Input for this task:
::::::::
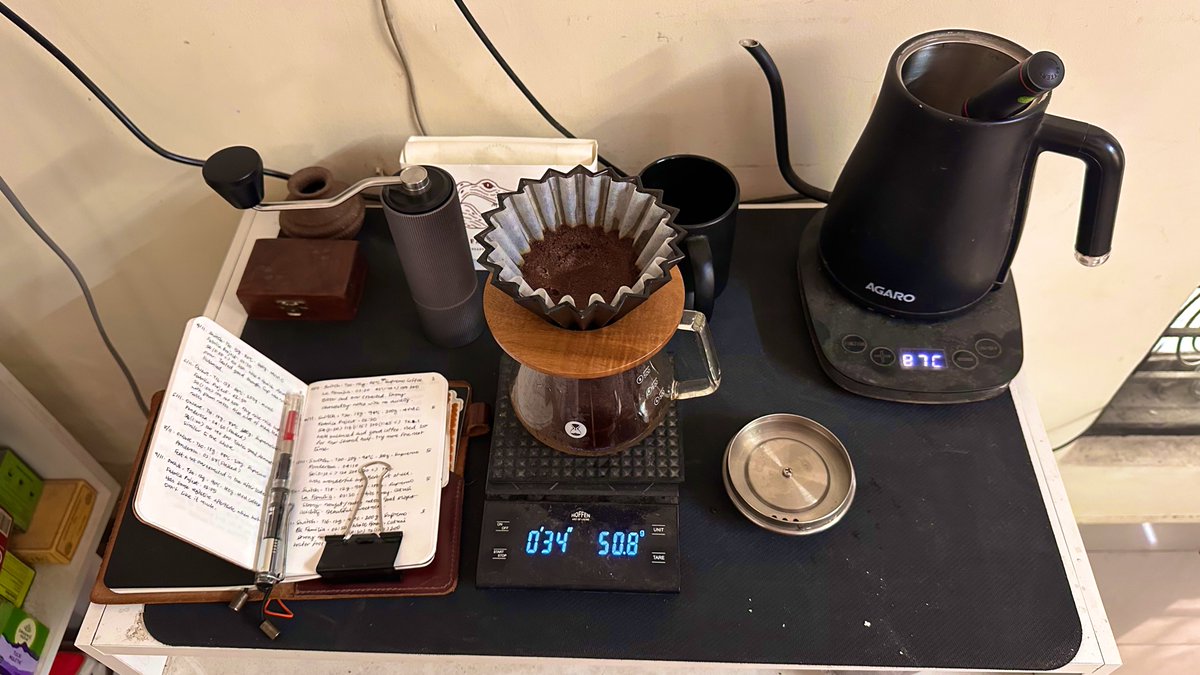 new day, new experiment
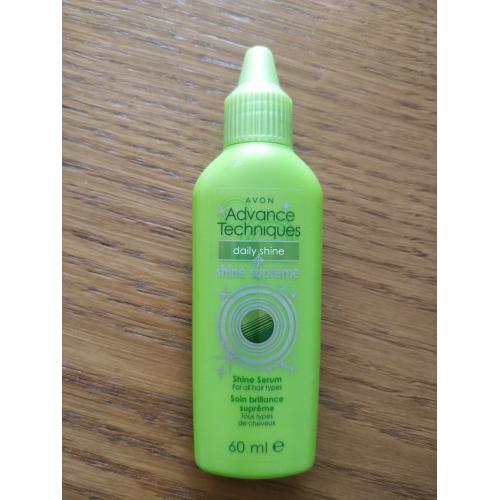 Avon Advance, Techniques Daily Shine, Shine Supreme Serum (Serum dodające blasku do każdego rodzaju włosów) - opinie | zdjęcie do recenzji od Paula9595p - 2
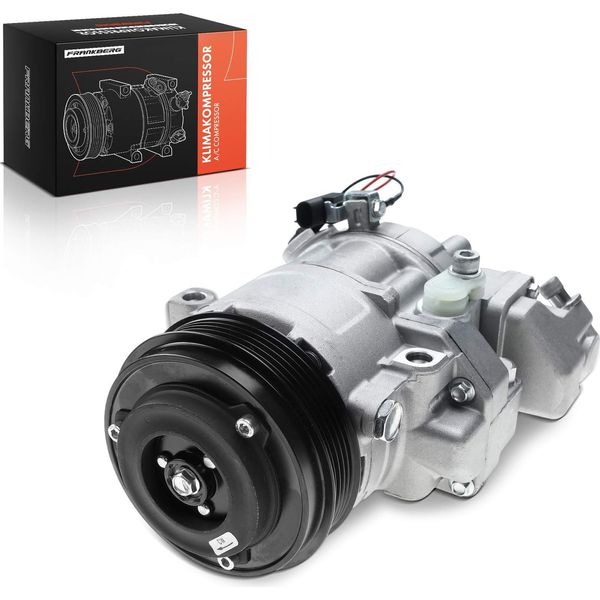 Compressore Aria Condizionata Frankberg 1X Per Mercedes-Benz Classe A W168 Vaneo 414 1998-2005-image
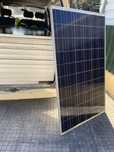 Paineis solares em bom estado com 14 anos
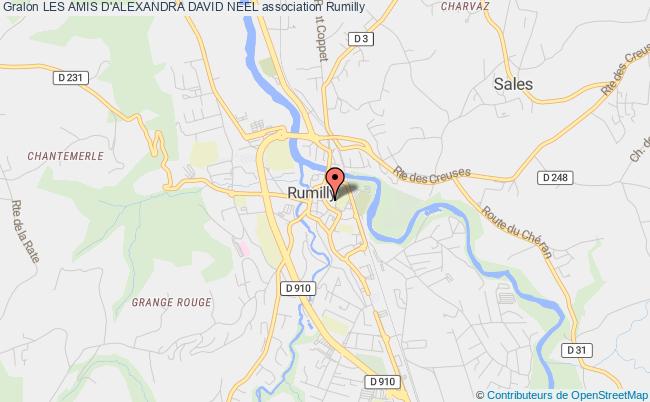 LES AMIS D'ALEXANDRA DAVID NEEL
::::::::
To do: Only the lines from the one containing "Avon Advance, Techniques" through the last line of the entries above belong in the copy; reproduce them exactly and drop every picture.

Output below:
 Avon Advance, Techniques Daily Shine, Shine Supreme Serum (Serum dodające blasku do każdego rodzaju włosów) - opinie | zdjęcie do recenzji od Paula9595p - 2
 Compressore Aria Condizionata Frankberg 1X Per Mercedes-Benz Classe A W168 Vaneo 414 1998-2005-image
 Paineis solares em bom estado com 14 anos
 LES AMIS D'ALEXANDRA DAVID NEEL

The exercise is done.